“To my mind there is no conceivable manifestation of Divine power more triumphantly confirmatory of Christ’s divinity than the cleansing of a leper with a word.”[[2]]
The initiatory rite of circumcision was, by Divine command, first performed by Abraham in the year of the world 2107, or about 1897 years before Christ:—At the age of 99 years, Abraham, together with his son Ishmael and all his dependents were circumcised.
Ishmael at this time was thirteen years old, and, as we are informed by Josephus, was the founder of the Arabian nation, who to this day do not circumcise until after the thirteenth year.
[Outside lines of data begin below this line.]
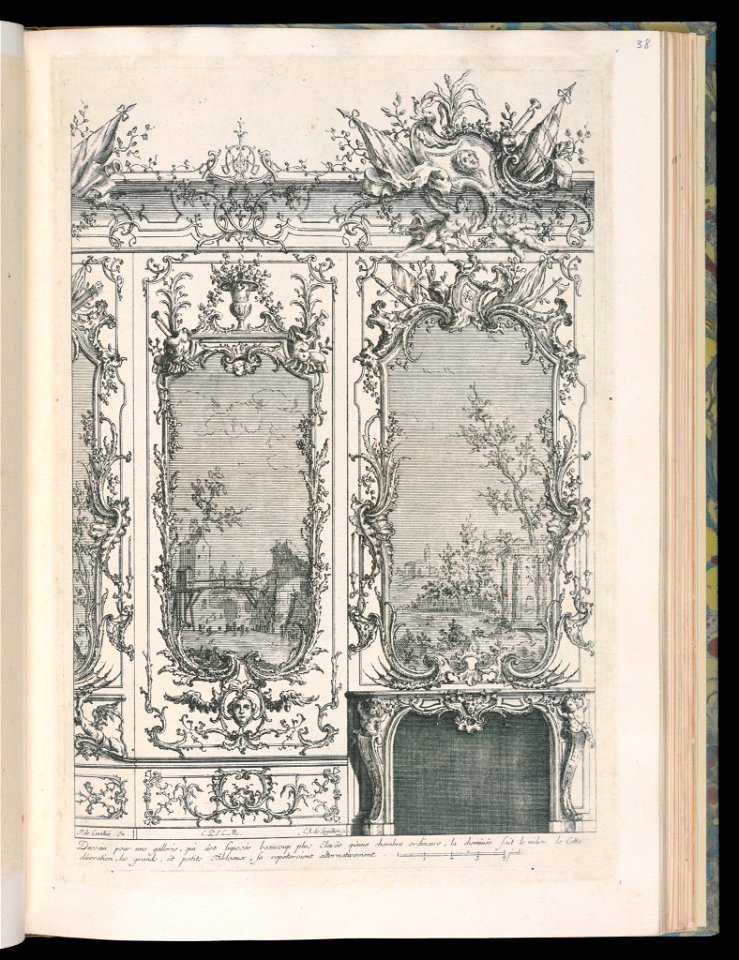 Bound Print, Wall with Painting and Chimneypiece, Livre de Lambris (Book of Wainscoting), 18th century (CH 18238631)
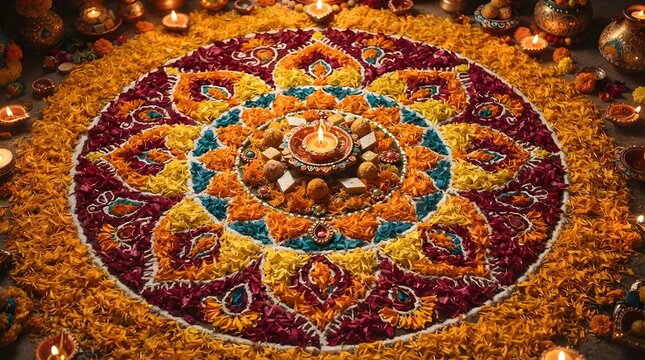 Beautiful rangoli art with marigold flowers and diyas for diwali celebration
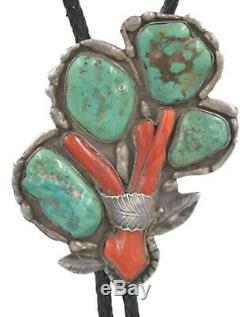 Vintage Sterling Silver Navajo Old Pawn Quality Ajax Turquoise and Coral Bolo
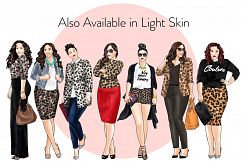 Fashion clipart - Curvy Girls in Animal Print - Dark Skin Product Image 4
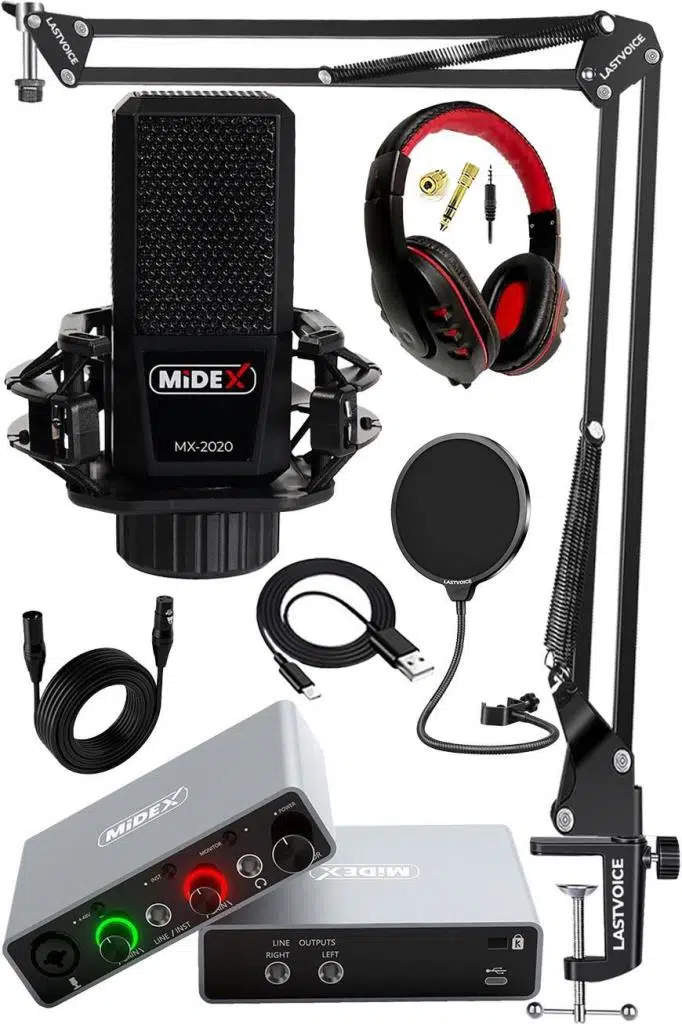 Midex Special Paket-3 Stüdyo Ekipmanları Ses Kartı Condenser Mikrofon Kulaklık Stand Full Set Midex Special Paket-3 Stüdyo Ekipmanları Ses Kartı Condenser Mikrofon Kulaklık Stand Full Set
Isaac, the child of promise, the heir who was to carry on the race of the patriarch, was circumcised on the eighth day after his birth, and this, among the Hebrews, became a law, and a statute for ever.
One of the tapestries at Hampton Court, in the time of Holbein, represents the operation being performed upon Isaac, with what appears to be a knife made of stone, which was the instrument used for many ages for this purpose.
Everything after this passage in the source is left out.